*Problem statement*. Please reproduce the entries below exactly as they stand, but leave the pictures out.

(Stored data)
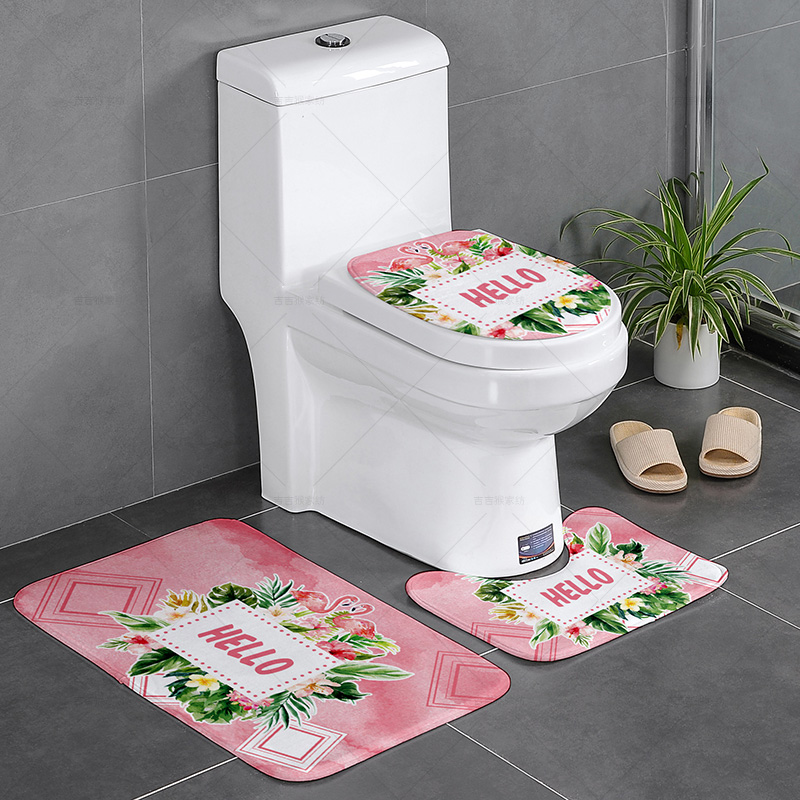 [three-piece set] bathroom water toilet floor cushion toilet door cushion slipper-proof u-shaped foot cushion two-piece set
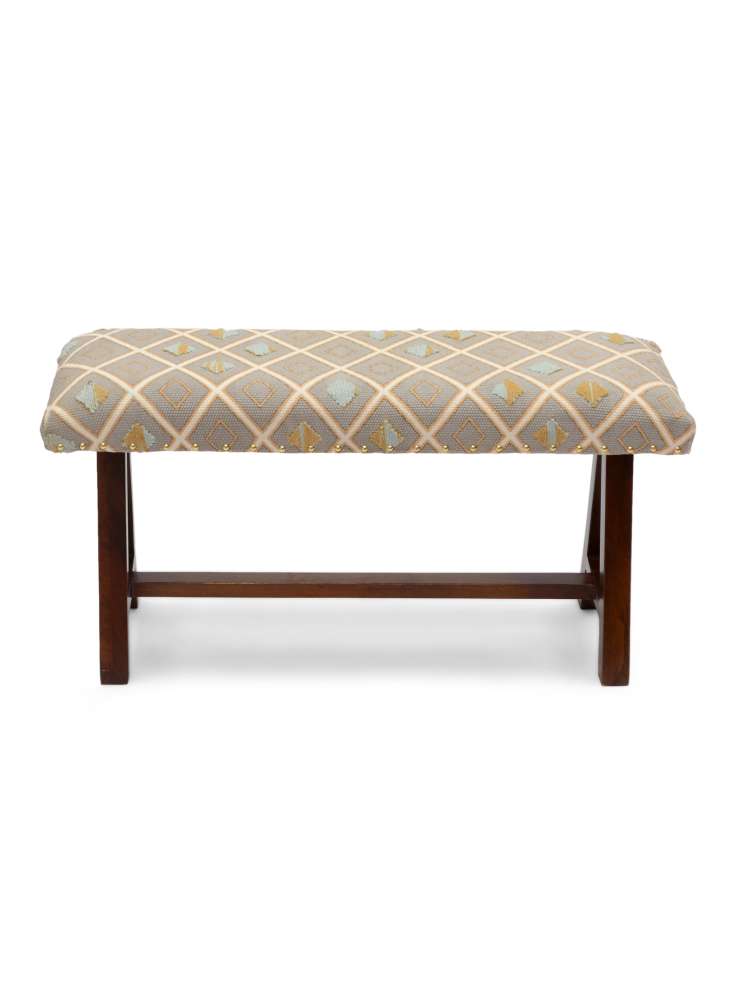 Multi Color Cotton Upholstered Wooden Bench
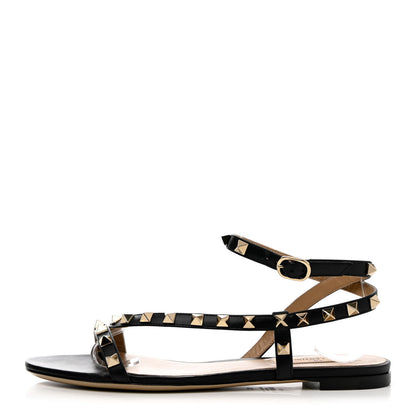 Valentino Garavani Calfskin Rockstud Cross Ankle Wrap 5mm Sandals 36 Black 1 of 11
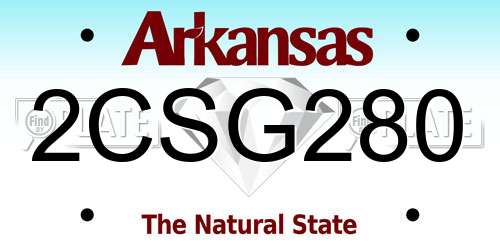 2CSG280 Arkansas License Plate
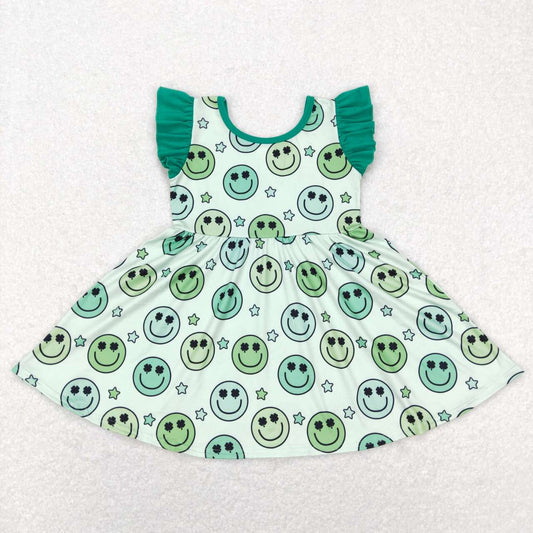 baby girl's green flutter sleeve st patrick smiley dress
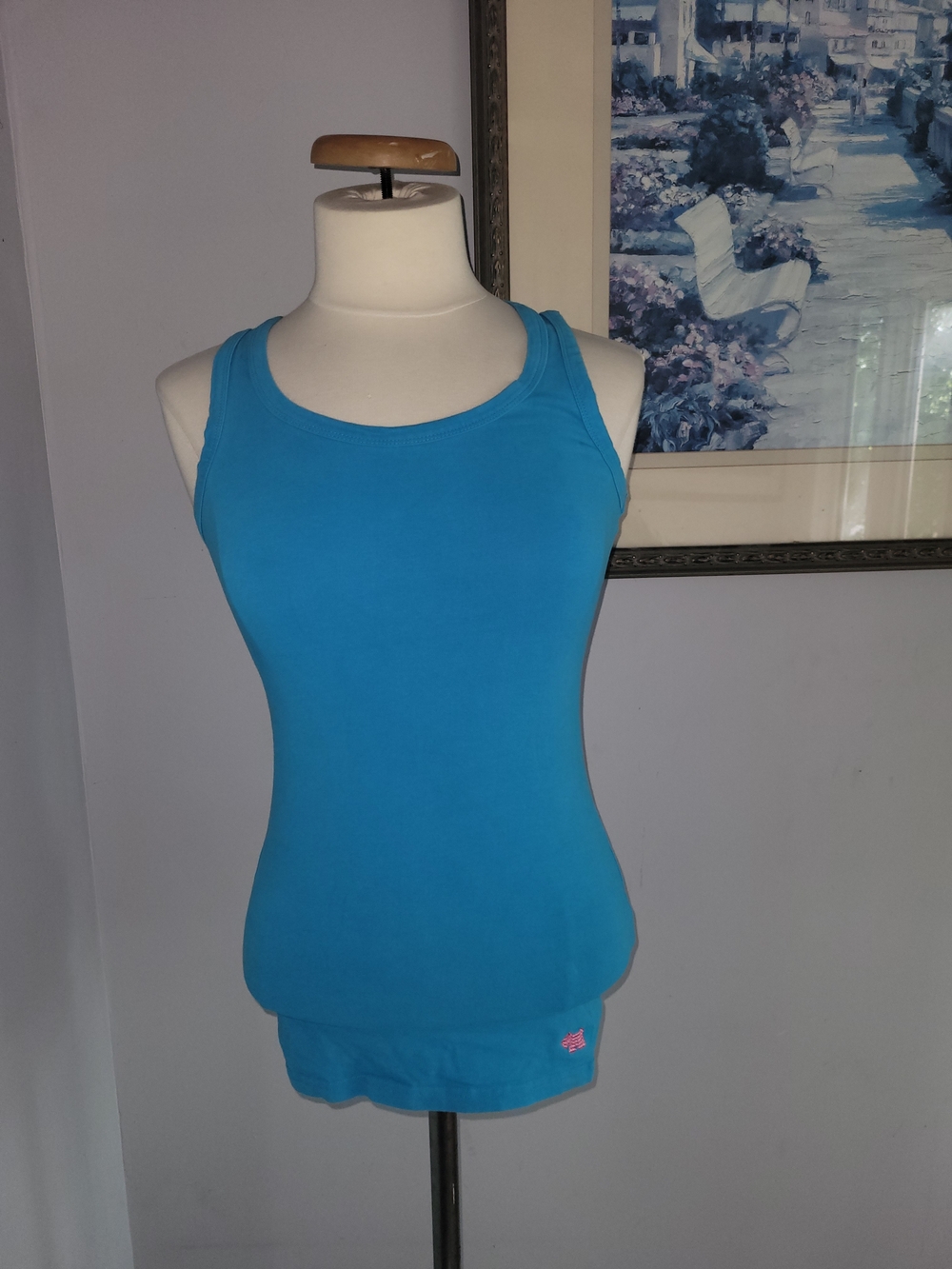 Joshua Perets Women’s Blue Tank Top - Stretch Cotton Layered Hem Size S
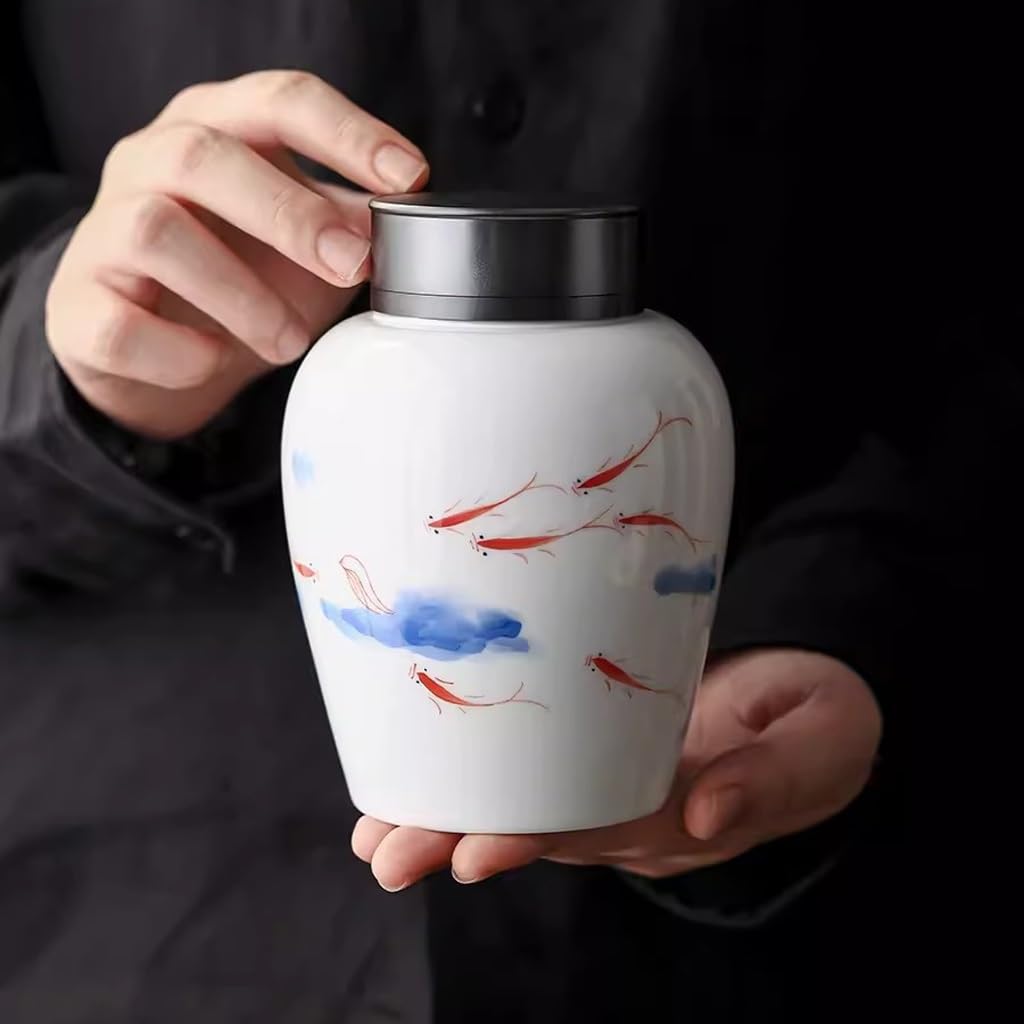 Przechowywanie herbaty Ręcznie malowane ceramiczne puszki na herbatę, domowe Pu'er Zielona herbata Herbata Czarna herbata Puszki na herbatę luzem Kanistry kuchenne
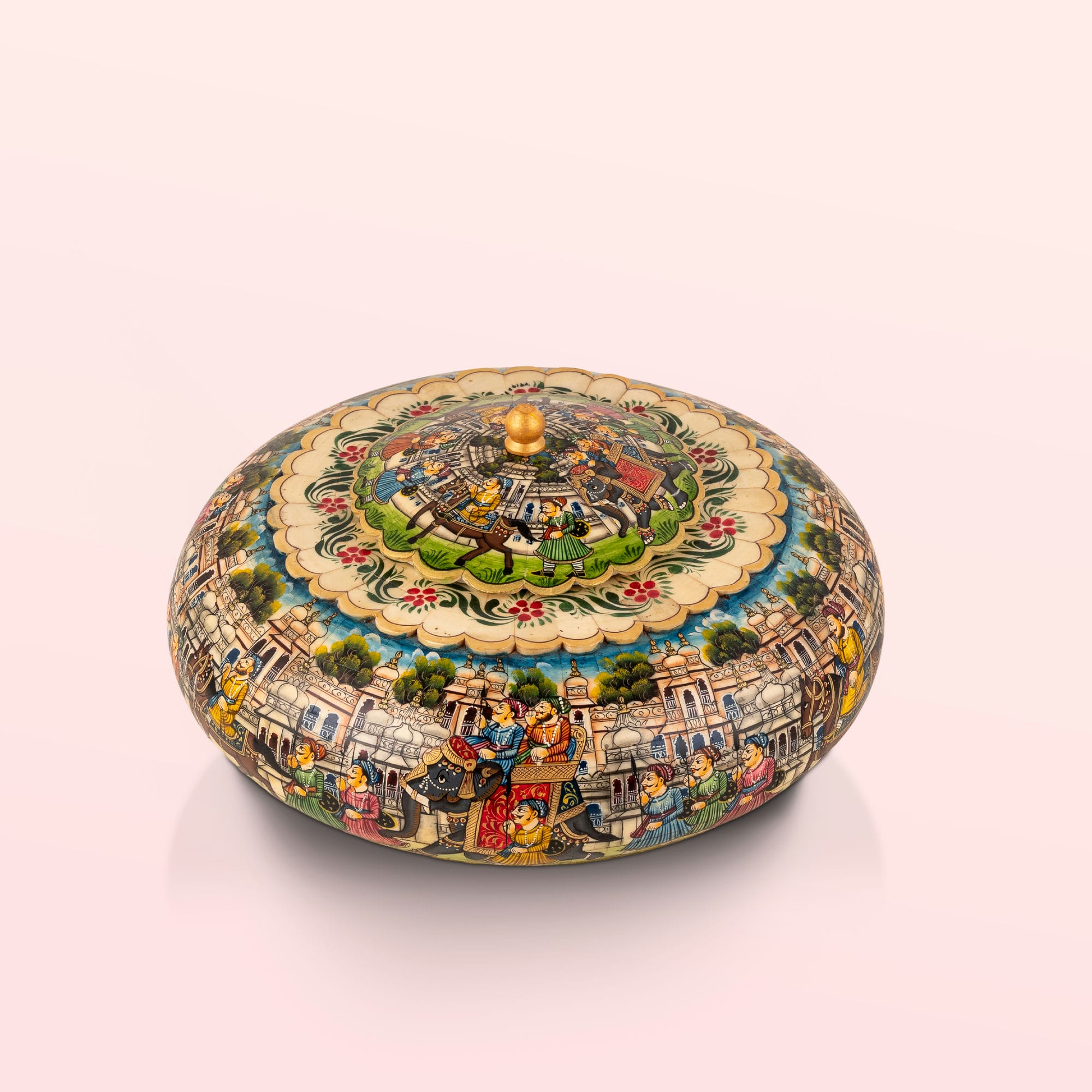 Domed Painted Bone Royal Pageantry Box: The Royal Pageantry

*Solved exercise*.
 [three-piece set] bathroom water toilet floor cushion toilet door cushion slipper-proof u-shaped foot cushion two-piece set
 Multi Color Cotton Upholstered Wooden Bench
 Valentino Garavani Calfskin Rockstud Cross Ankle Wrap 5mm Sandals 36 Black 1 of 11
 2CSG280 Arkansas License Plate
 baby girl's green flutter sleeve st patrick smiley dress
 Joshua Perets Women’s Blue Tank Top - Stretch Cotton Layered Hem Size S
 Przechowywanie herbaty Ręcznie malowane ceramiczne puszki na herbatę, domowe Pu'er Zielona herbata Herbata Czarna herbata Puszki na herbatę luzem Kanistry kuchenne
 Domed Painted Bone Royal Pageantry Box: The Royal Pageantry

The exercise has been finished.